不思議と、服越しから炭治郎の温もりが伝わってくる。そんなの、あり得ないのに
このまま腕を引かれれば、私は..
きっと、抗えない
そんな言い要れぬ恐怖が脳裏をよぎったその時
「もしもし、お取り込み中のところすみません。」
「「っ!!」」
いきなり現れた気配の元へ同時に顔を向ける。しのぶがふわりとした笑みを浮かべこちらを見ていた。
驚いた..
けれど、助かった。
炭治郎は少し複雑そうな表情をしていたが、胡蝶様に何かを耳打ちされ気を取り直したようだ。

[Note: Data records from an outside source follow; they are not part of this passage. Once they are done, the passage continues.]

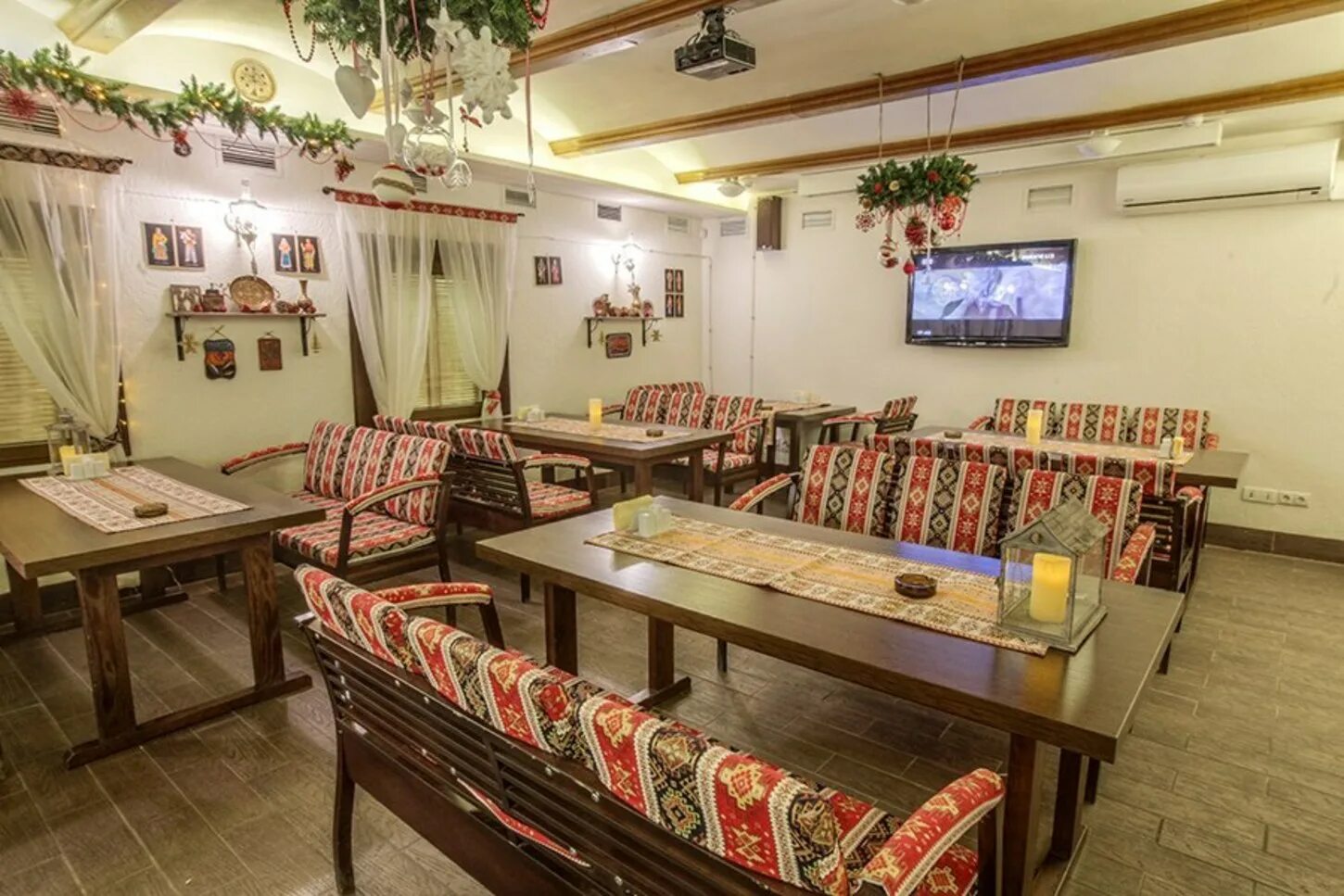 Кафе гранатовый. Кафе гранатовый. Кафе гранатовый. Кафе гранат дербент. Кафе гранат кумертау.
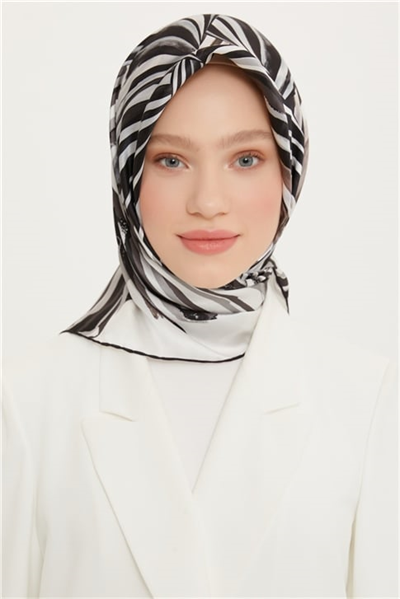 Armine Sura İpek Eşarp 22Ya8757 02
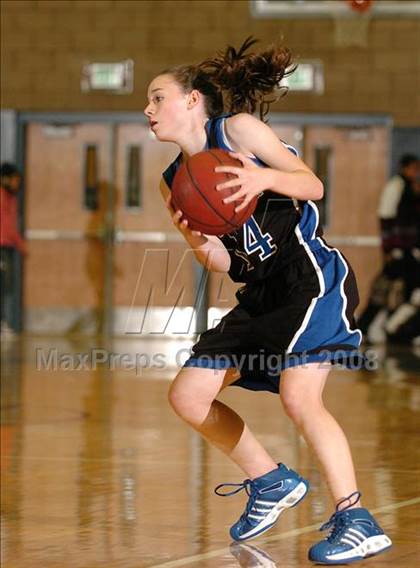 Thumbnail 2 in Amador @ Rosemont photogallery.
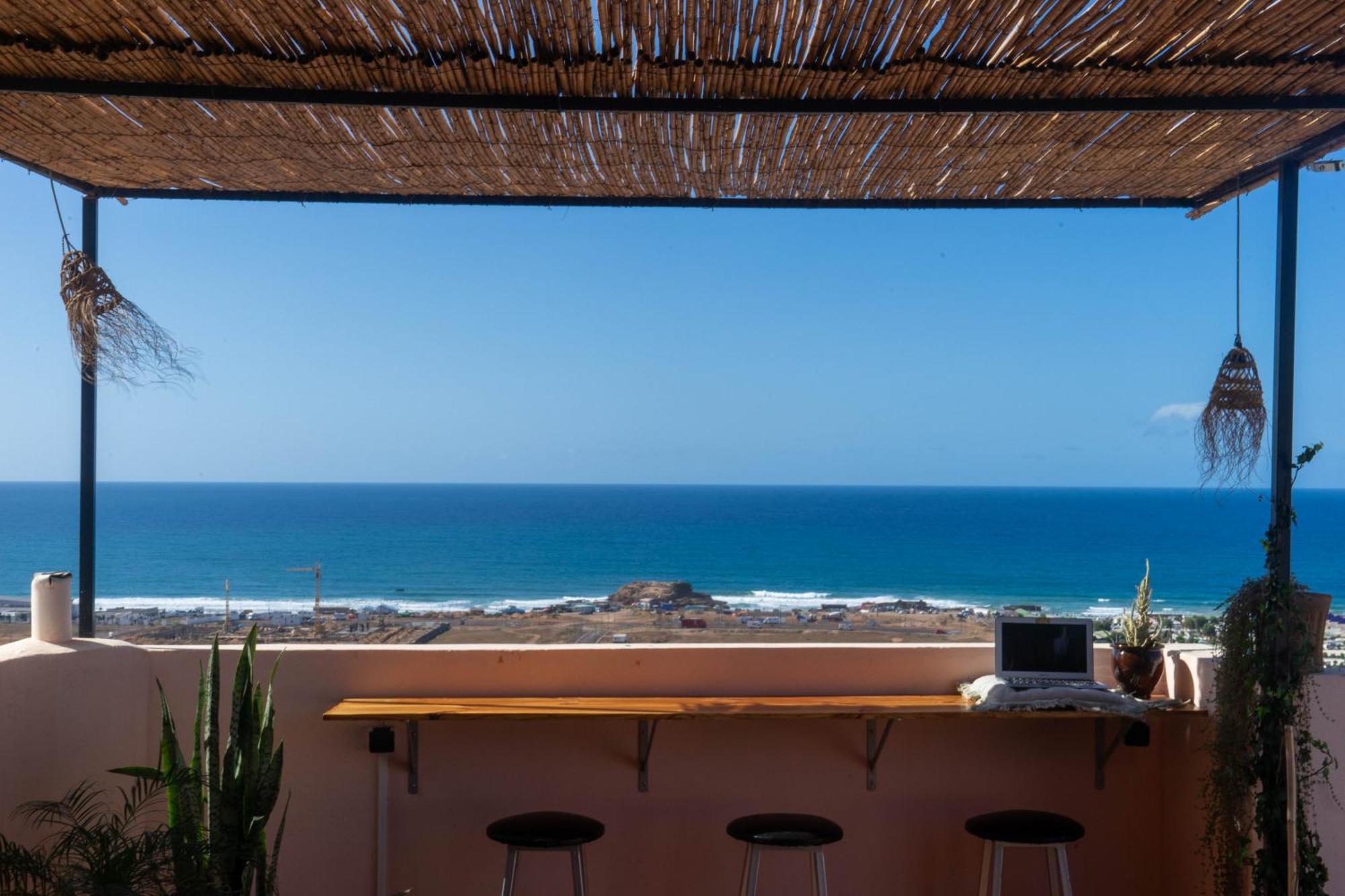 Monkey'S Guest House - Ocean View Rooms & Apartment With Rooftop Tamraght Exterior foto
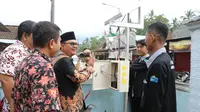 Kepala Desa Sidomulyo, Kamiludin tinjau langsung alat aplikasi SI-AMA di depan balai Desa Sidmulyo (Istimewa)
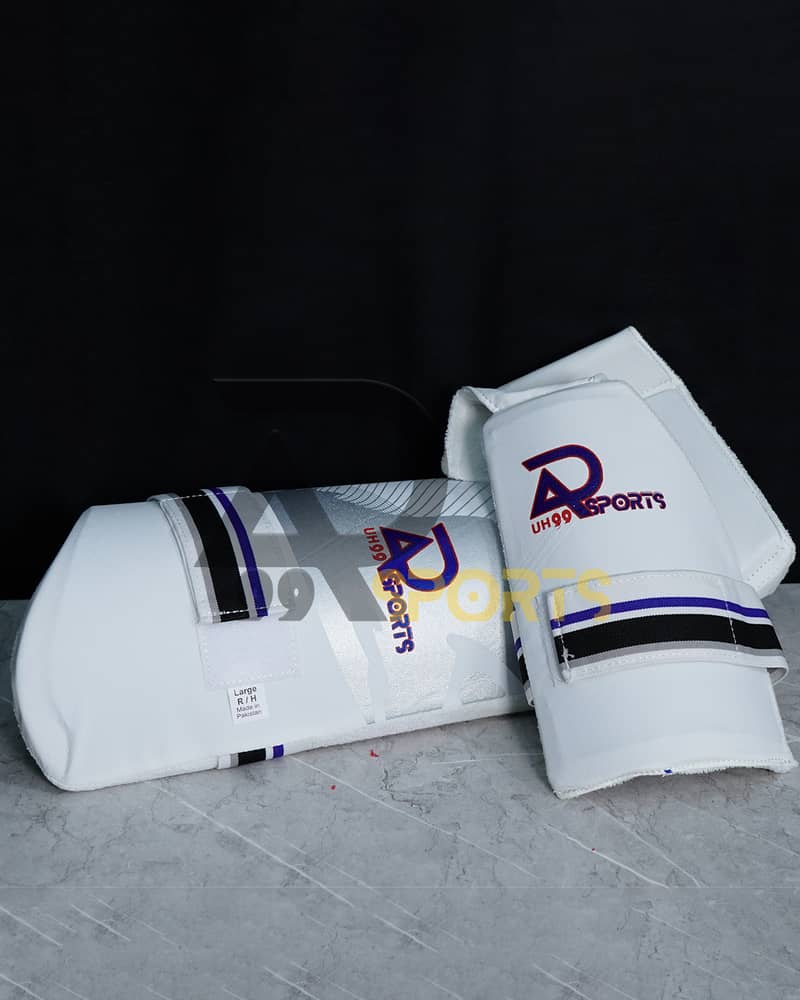 Premium cricket thai pad, design for professional cricketers and coach 5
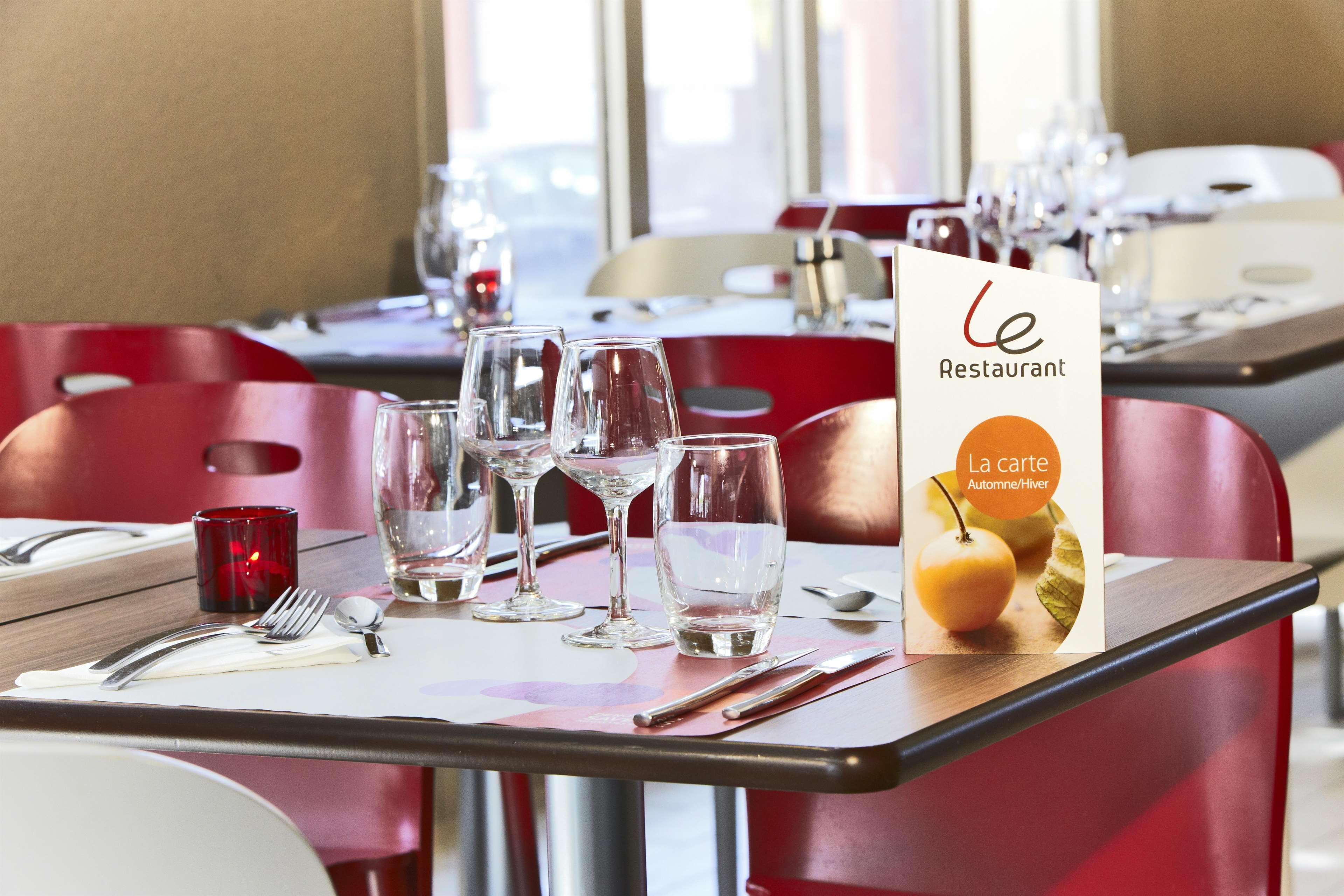 Campanile Perpignan Sud Hotel Bagian luar foto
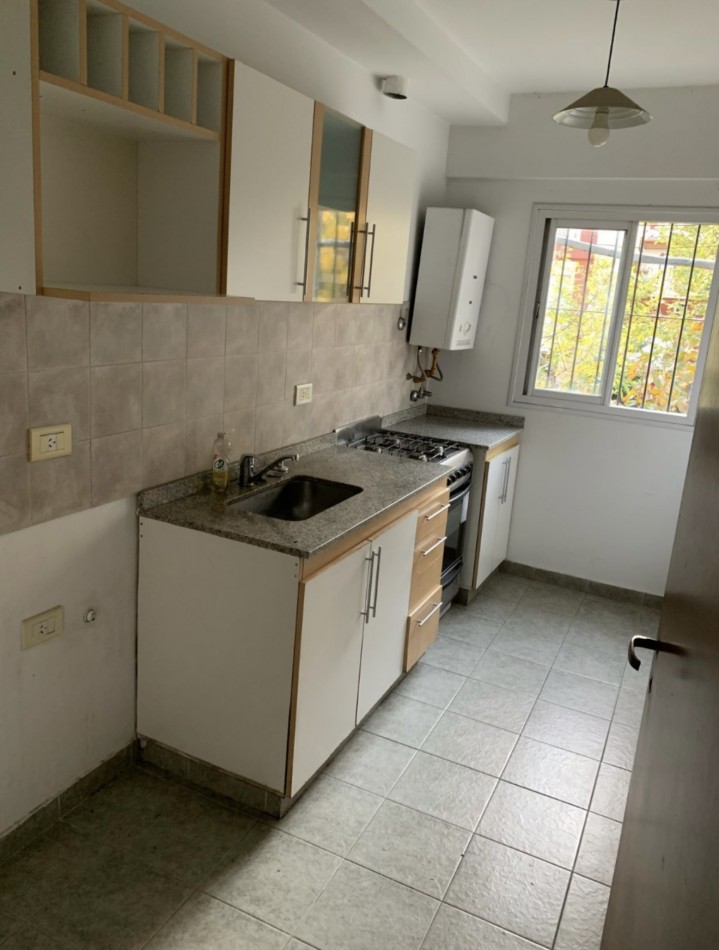 CARLOS ANTONIO LOPEZ 3500, VENTA DEPARTAMENTO DE DOS AMBIENTES 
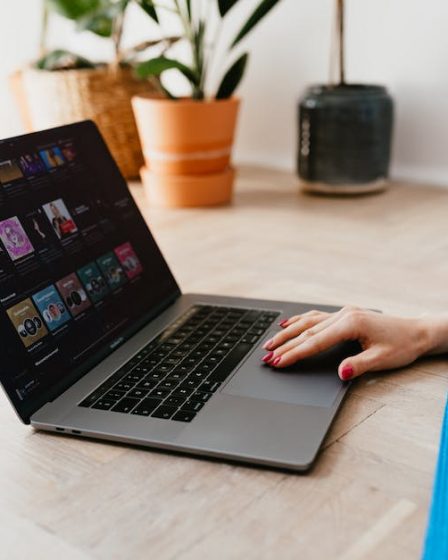 Cómo crear y personalizar páginas en Magento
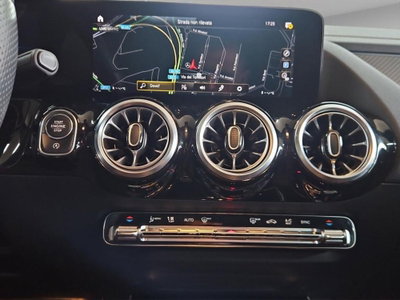 Mercedes-Benz GLA SUV 200 d Automatic Premium (11)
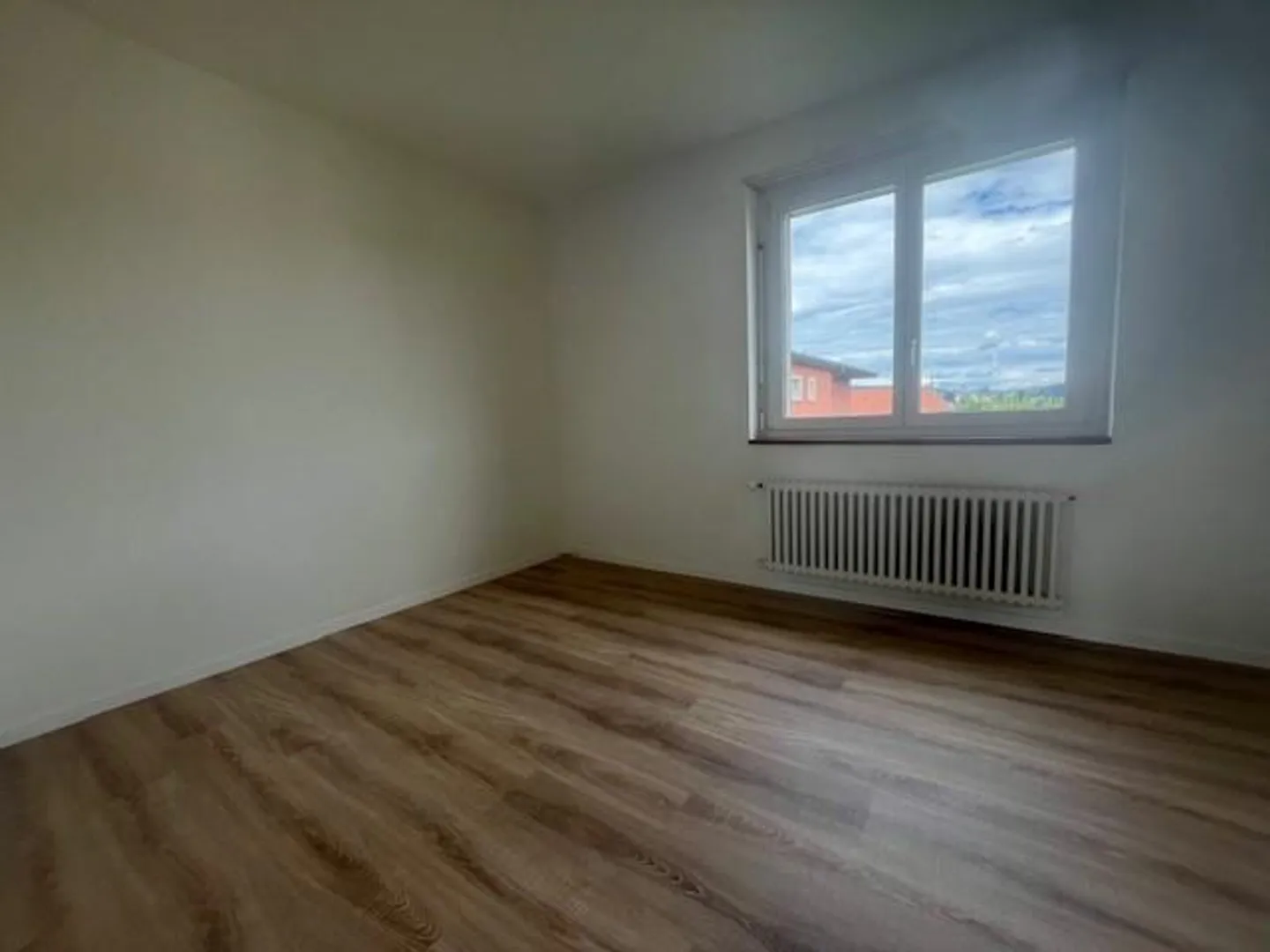 Appartement 3 pièces confortable et lumineux dans un quartier résidentiel calme à... - Photo 6 sur 8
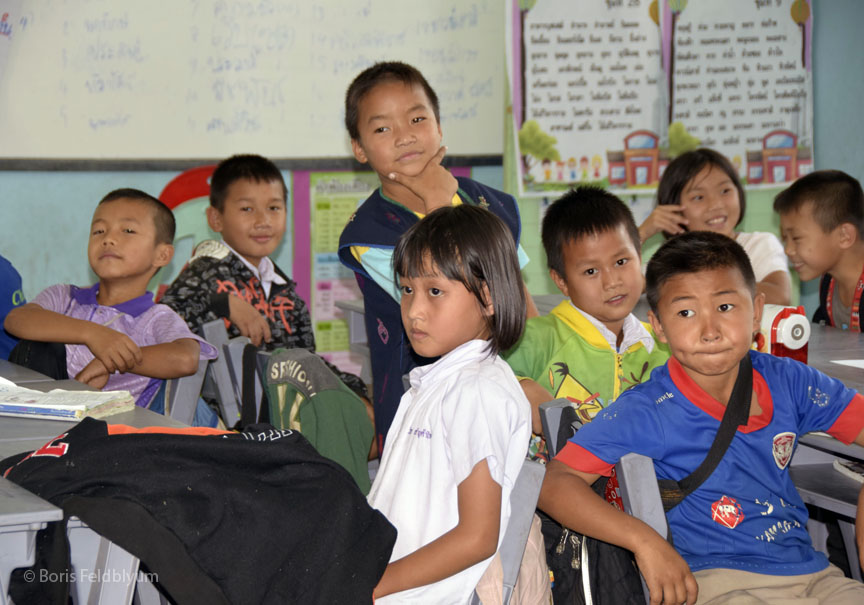 201603111208sc_ChiangRai_village_school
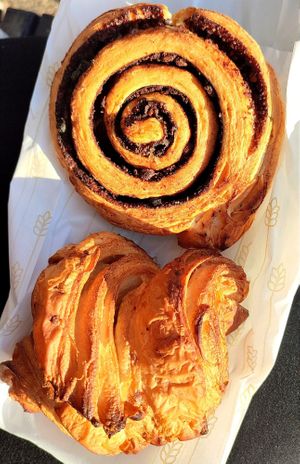 Chocolate Swirl and Chocolate-Peanut-Butter-Croissant at Fill Good in Budapest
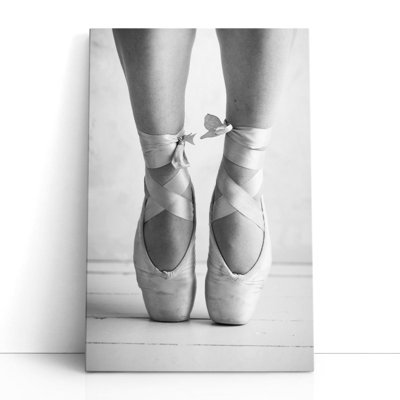 Gros plan d'une ballerine debout sur la pointe des pieds noir et blanc - reproduction d'art sur toile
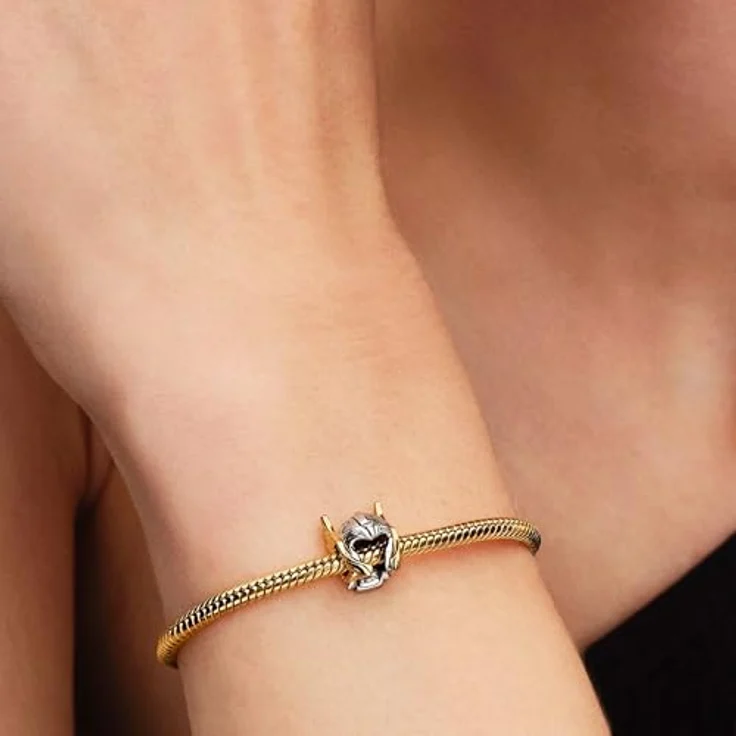 PANDORA Moments Marvel Thor Helm Charm, Sterling-Silber mit 14K vergoldeter Metalllegierung, Kompatibel mit Pandora Moments, 764215C00 – Bild 4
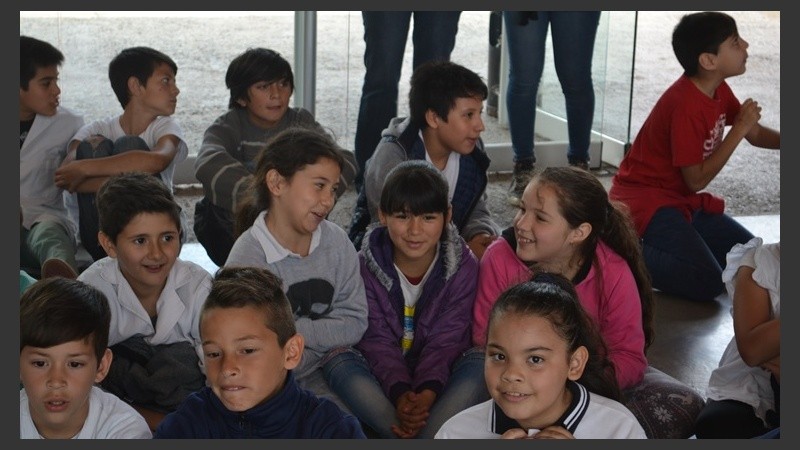 Los chicos de Puerto General San Martín disfrutaron de un día distinto en Cultura Más Vos.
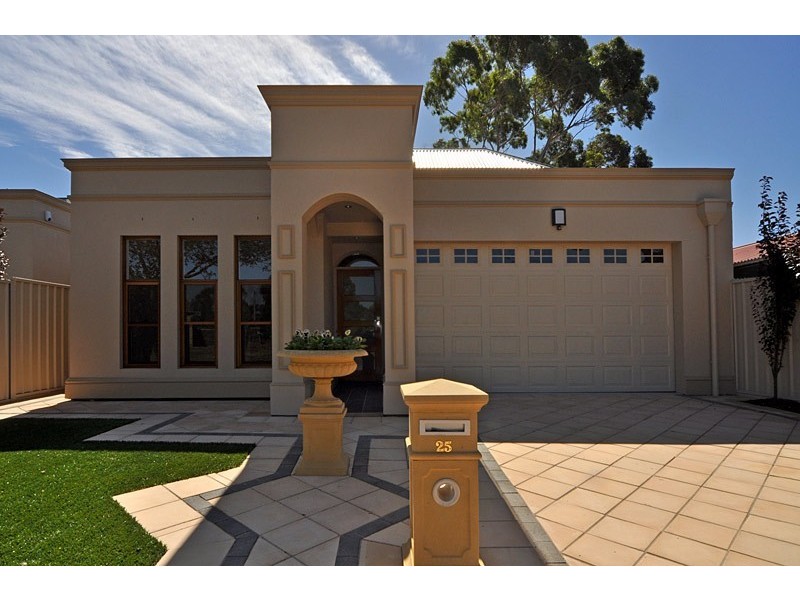 25 Hobart Road, Henley Beach South SA 5022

「君達姉弟は、とっても仲が良いのですね。...いいことです。お友達2人はどこかへ行ってしまったようですが、頑張っていますね。」
彼女がここで2人に話しかけた理由は、
聞くところによると、ある夢を託す為だと言う。
それは
【鬼と人間が仲良く出来る道】を探す事。
胡蝶様もやはり
大切な家族を鬼に殺されたという。その人は、
鬼と共存出来る世界を、今際の時まで切に願っていた。その意思を継いでいると言うが...
彼女の心と理性が、せめぎあって
苦しめているのだ。
私達竈門家はどうだろう?
今は、禰豆子が鬼として生きながらえているから、
希望を捨てずに前を向き続けられる。
でも、もし禰豆子さえも虐殺されていたとしたら?その希望を胸に抱き続けられただろうか?
ふと、そう思ってしまった。
人間の感情は正直だ。彼女の思いは痛いほどわかる。疲れてしまったという気持ちも、頷ける。だからこそ...
私達がその意思を継ぐべきだ。
「どうか禰豆子さんを守り抜いてね。あなた達が頑張ってくれていると思うと、私は安心する。気持ちが、楽になる」
炭治郎は思った。
しのぶさんが、時折感情を捨て物事を対処しているように感じたのは、心の声と理性が一致していなかったが故の、彼女なりの防衛反応だったのだ。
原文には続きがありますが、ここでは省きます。